Publié à l’origine en espagnol. Daniel Capó. The Objective.
Les défaites politiques sont souvent le résultat d’erreurs d’intelligence. C’est la thèse que soutient l’historien Marc Bloch dans l’un de ses livres les plus lucides. – L’étrange défaite – et il devient inévitable dans ces moments de grande inquiétude civile de nous retourner vers lui. L’étrange défaite est celle d’un monde relativement prospère et raisonnable, qui depuis 1978 a apporté à notre pays des libertés et des droits, des coutumes et des valeurs européennes, une stabilité démocratique, et un développent des autonomies (l’équivalent des régions en Espagne). Ce n’est bien évidemment pas un monde parfait, mais bien meilleur que n’importe quel autre régime politique qu’ait connu l’Espagne ces deux cent dernières années. Ce monde –qui est le notre – se trouve gravement menacé.

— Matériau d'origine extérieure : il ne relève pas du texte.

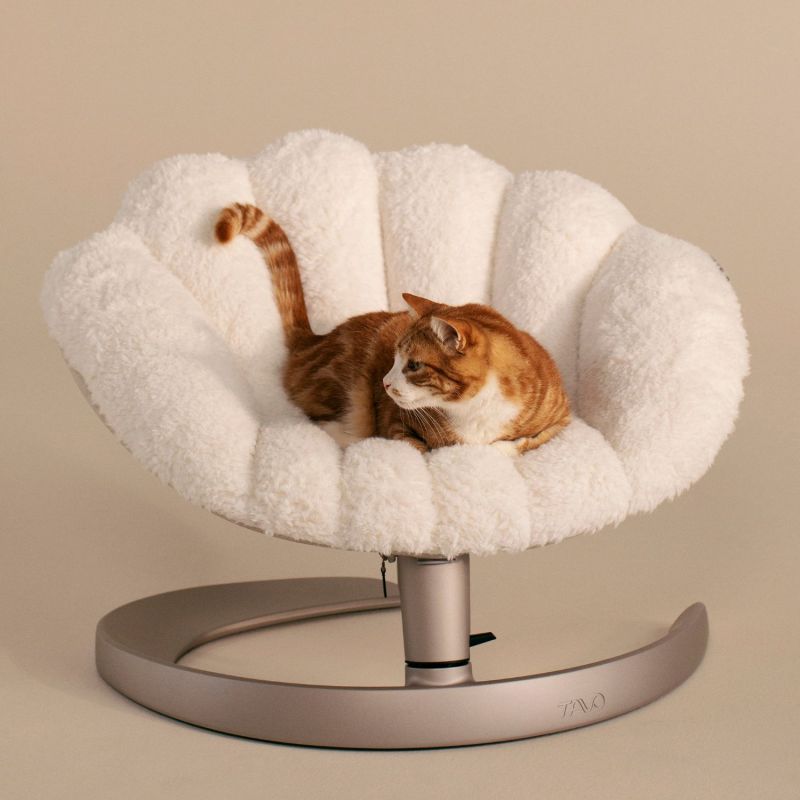 Lit pour animaux de compagnie et fauteuil suspendu SHELL LATTE Tavo Ambiance 1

Nous vivons l’étrange défaite d’un pays qui ne sait pas – et j’ignore s’il le souhaite – affronter la réalité. L’improvisation et ce refus de la réalité sont de mauvais conseillers pour l’Espagne lorsque l’on a simplement renoncé à l’intelligence politique au nom d’une gestion plate et bureaucratique des conflits sociaux. En réalité, l’étrange défaite serait tout sauf étrange, mais plutôt le résultat des dirigeants et des élites qui ne se sont pas comportés comme tels. Nous avons voulu rationaliser l’action d’un gouvernement au lieu d’accepter que ce qui se trouvait en surface était bel et bien réel. Après les scènes dramatiques d’hier rien ne sera jamais comme avant. Et quoi qu’il arrive, un traumatisme sillonne désormais la colonne morale du pays.